Virtual queues from scratch, Part 1: concepts and architecture

In our previous articles How to choose the right virtual waiting room and the recently published follow-up, we have explored how virtual waiting rooms help businesses handle traffic spikes gracefully, ensuring service stability and fairness for users. After those publications, many of our readers asked an interesting question:

Can we build a basic virtual waiting room ourselves, without relying on commercial vendors?

The answer is yes—and in this article series, we are offering a practical, step-by-step guide to building a simple, effective virtual waiting room using common tools like Docker, Redis and Python.

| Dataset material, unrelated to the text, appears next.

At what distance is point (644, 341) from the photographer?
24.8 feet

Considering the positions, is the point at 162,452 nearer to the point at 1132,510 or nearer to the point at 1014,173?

We will call it the “Poor Man’s Guide” to highlight its simplicity and affordability.

We will walk through:

Understanding essential concepts (queue management, arrival rates, and service rates)
Choosing a core architecture by comparing the Push vs. Pull models.
Identifying common implementation pitfalls to avoid.
Selecting a foundational technology stack and justifying those choices.

By the end, you will have a working proof-of-concept (POC) of a virtual waiting room, demonstrating key concepts and functionality clearly.

While suitable for educational purposes and experimentation, please note that this implementation is not production-ready. Important considerations such as security, reliability, scalability, and user-friendly web interfaces have been intentionally simplified or omitted. However, this POC provides a solid foundation and clear insights into building a virtual waiting room without vendor lock-in or significant financial investment.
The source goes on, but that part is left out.